Mehr als ein Jahr nach ihrer Festnahme in Berlin hat der Prozess gegen die ehemalige RAF-Terroristin Daniela Klette vor dem Landgericht Verden in Niedersachsen begonnen. Die Staatsanwaltschaft wirft der 66-Jährigen versuchten Mord unter anderem aus Habgier vor. Die Anklage spricht zudem von versuchtem und vollendetem schweren Raub als "Mitglied einer Bande" sowie von unerlaubtem Waffenbesitz.

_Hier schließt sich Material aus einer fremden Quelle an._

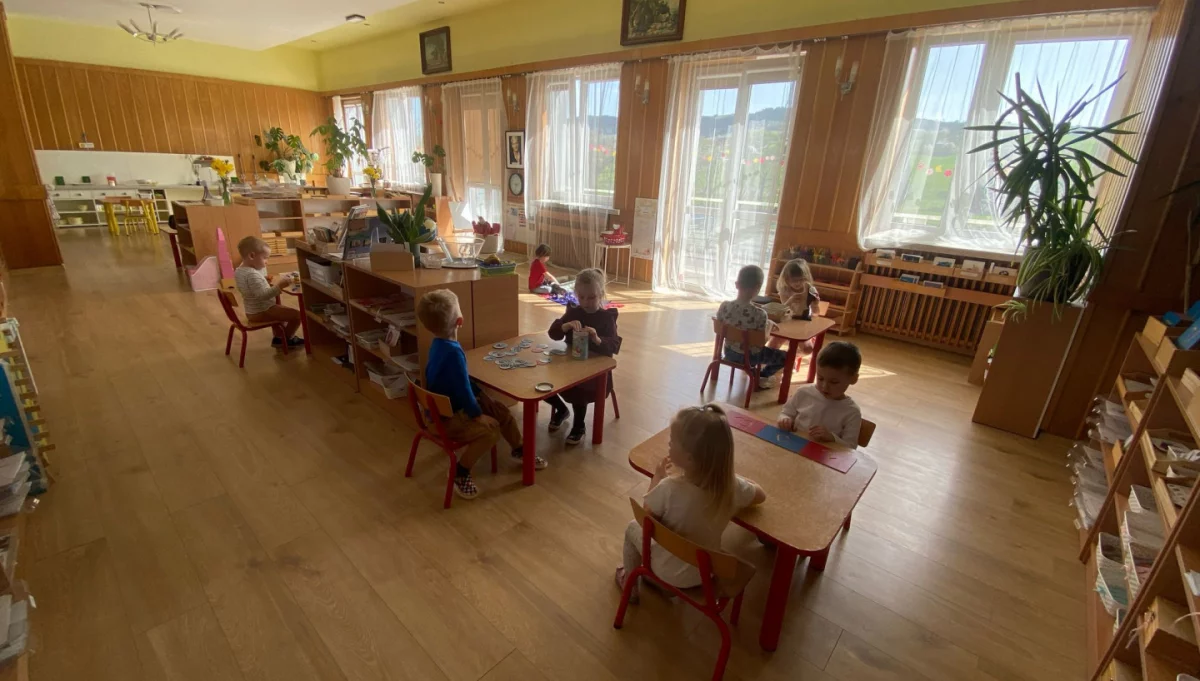 Przewodnik dla rodziców o edukacji przedszkolnej Montessori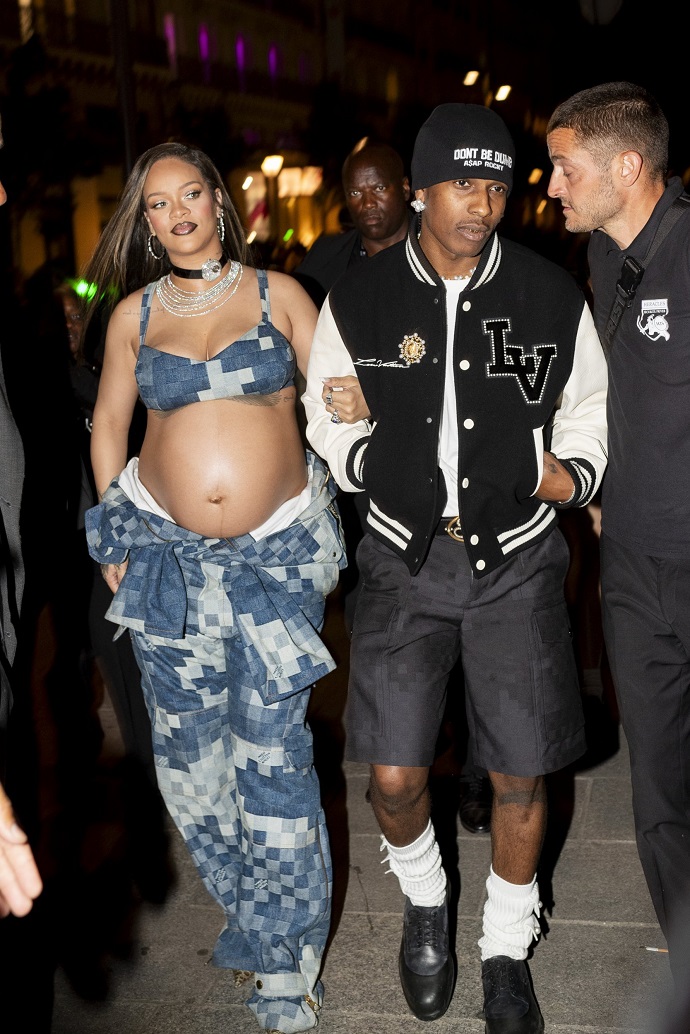 Рианна и A$AP Rocky стали родителями второго ребенка. ТОП провокационных образов беременной певицы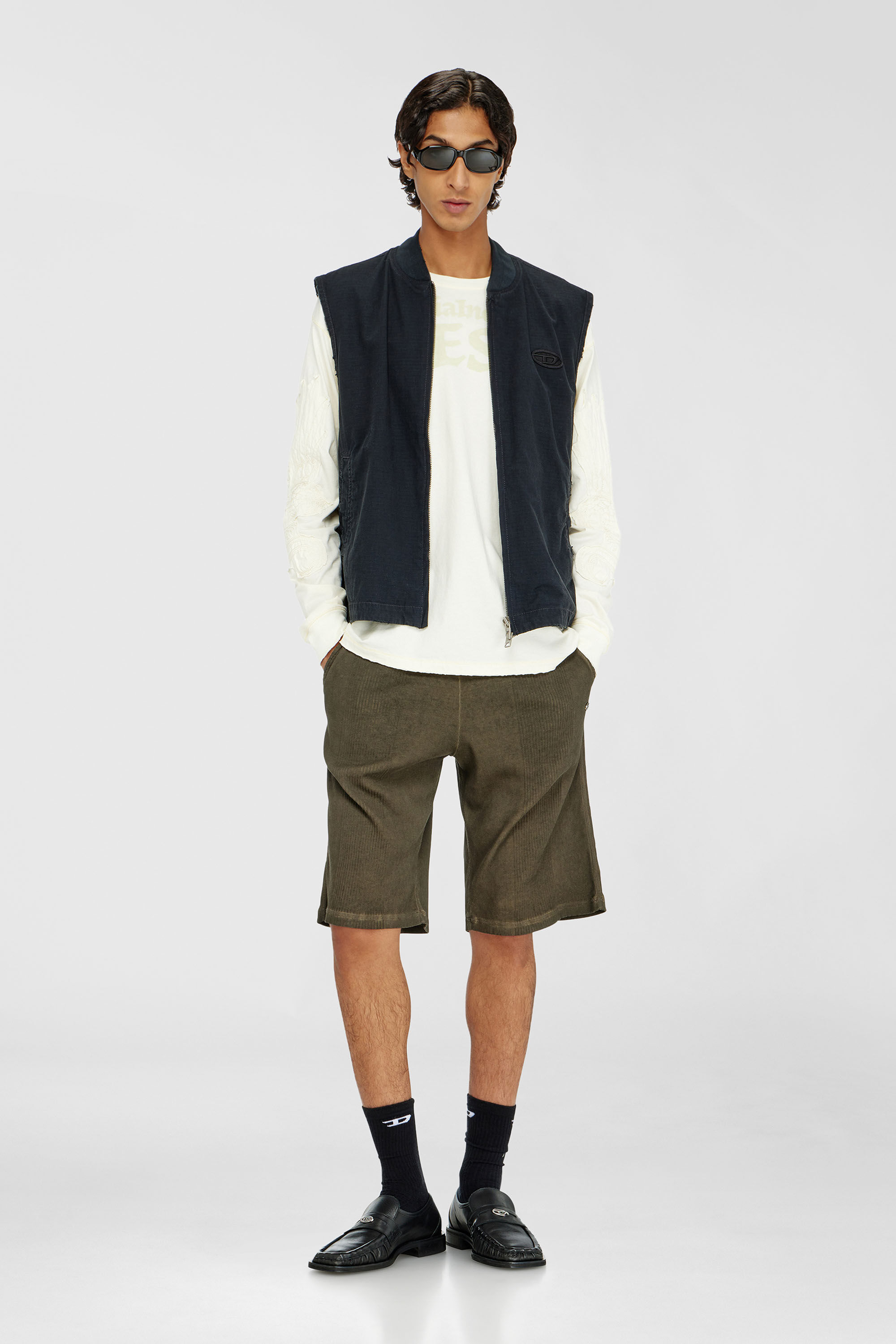Diesel - P-IER, Male's ショートパンツ in ミリタリーグリーン - 1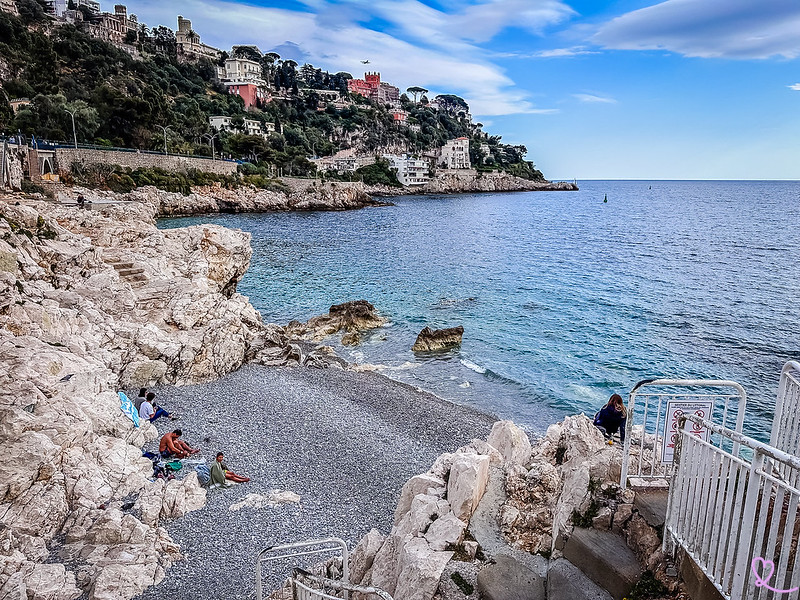 Discover our article on the Plage de la Réserve in Nice!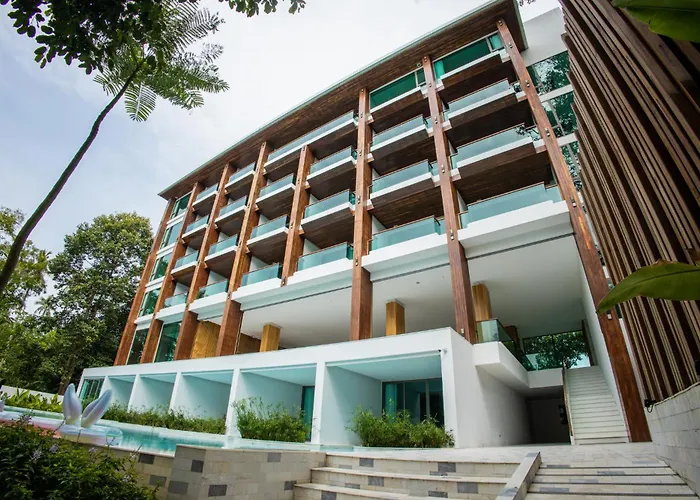Luxtalay Khanom Hotel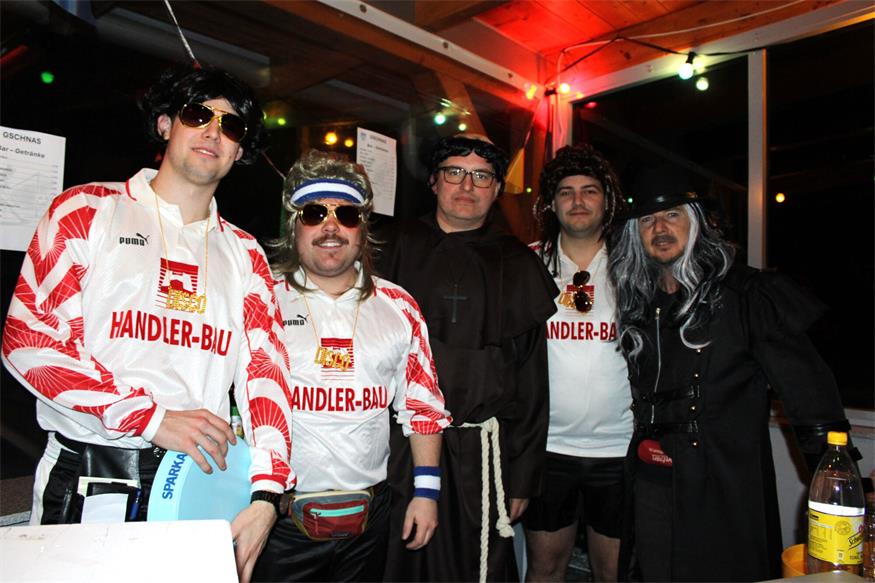 Daniel Heinrich, Mathias Koll, Obmann Thomas Schlögl, Florian Reisner und Trainer Mario Art in der Bar.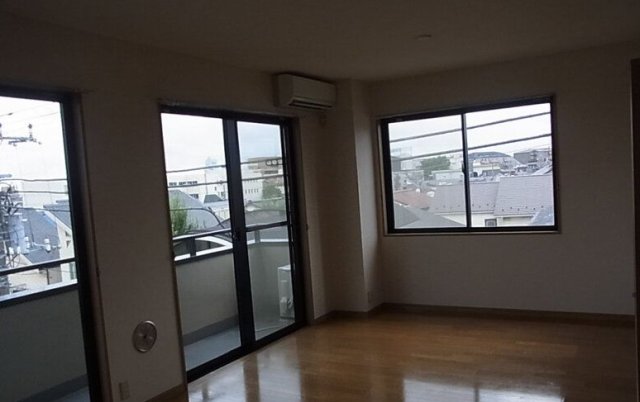 居室・リビング　明るい居間☆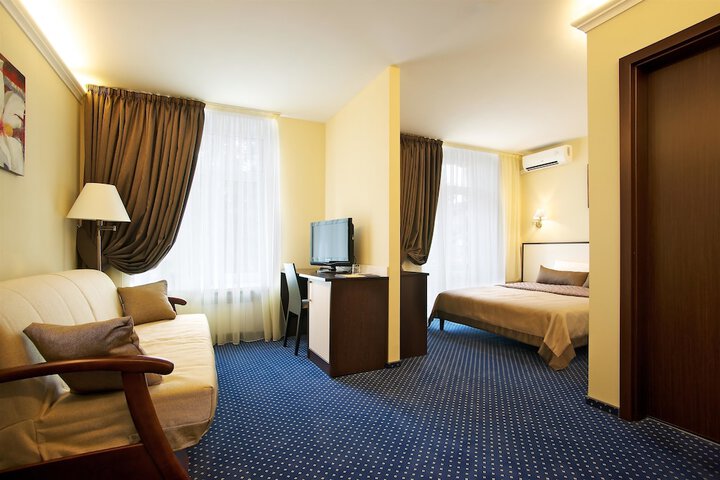 Room 21 of 55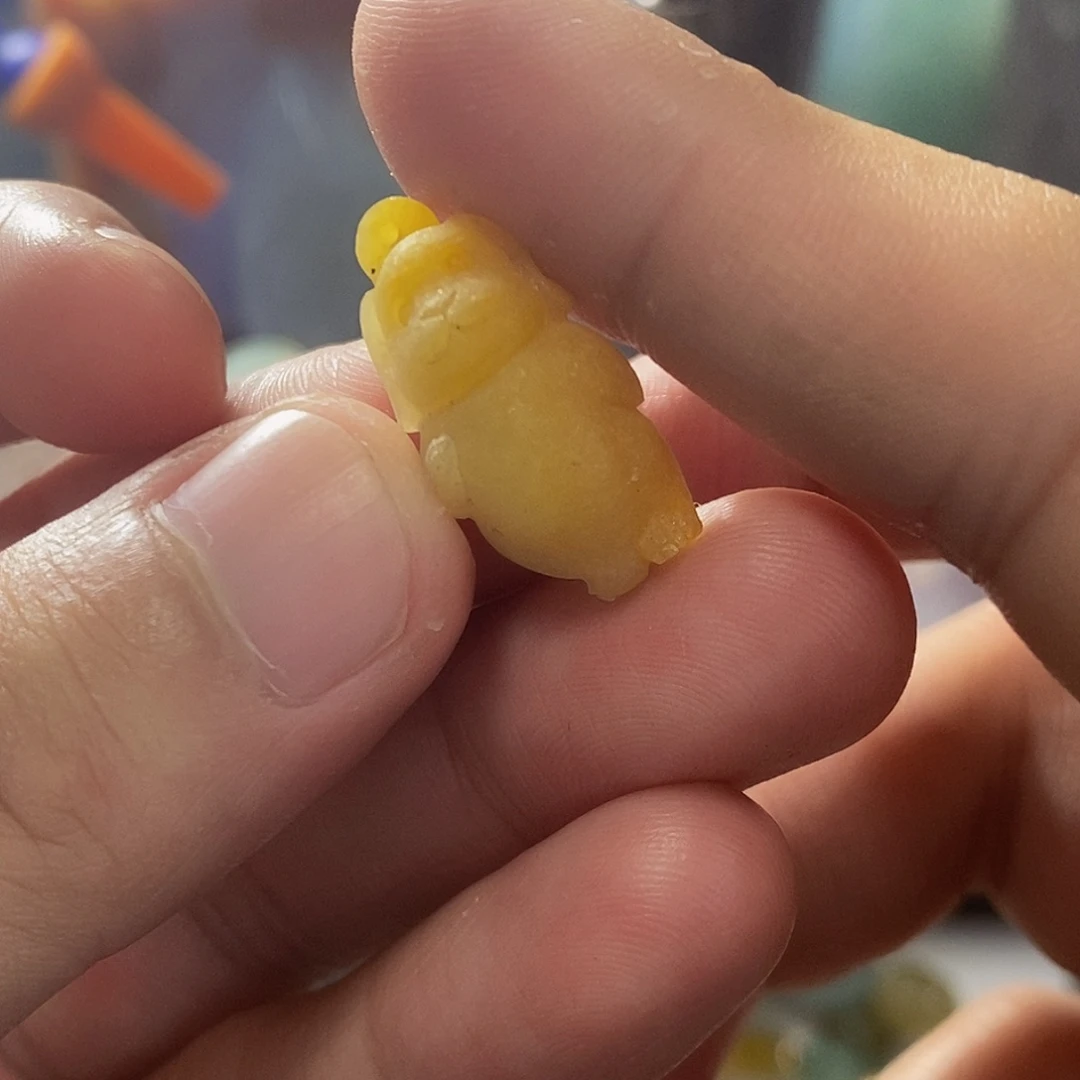 定制翡翠未镶嵌抛光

Strenge Sicherheitsvorkehrungen
Der Gerichtsprozess findet aus Sicherheitsgründen nicht in den Räumen des Landgerichts Verden, sondern im Staatsschutzsaal des Oberlandesgerichts Celle statt. Die Angeklagte wurde hinter einer Glaswand platziert. Vor den Eingängen des Gerichtsgebäudes standen Justizbeamte und Polizisten mit Maschinenpistolen.
Hintergrund der Sicherheitsvorkehrungen ist die Vergangenheit der Angeklagten. Klette gehörte der sogenannten dritten Generation der linksextremistischen Roten Armee Fraktion (RAF) an. 1998 erklärte sich die RAF, die mehr als 30 Menschen tötete, für aufgelöst. Am 26. Februar 2024 nahmen Einsatzkräfte die ehemalige RAF-Terroristin in Berlin-Kreuzberg fest, wo sie unter falschem Namen lebte.
Staatsanwaltschaft: Raubüberfälle in drei Bundesländern
Laut Anklage soll die Deutsche 13 Überfälle gemeinsam mit den ehemaligen RAF-Mitgliedern Ernst-Volker Staub (70) und Burkhard Garweg (56) begangen haben. Die beiden Männer sind weiter auf der Flucht. Laut Anklage soll das Trio von 1999 bis 2016 Geldtransporter und Kassenbüros in Niedersachsen, Nordrhein-Westfalen und Schleswig-Holstein überfallen haben. Klette habe meist das Fluchtauto gefahren.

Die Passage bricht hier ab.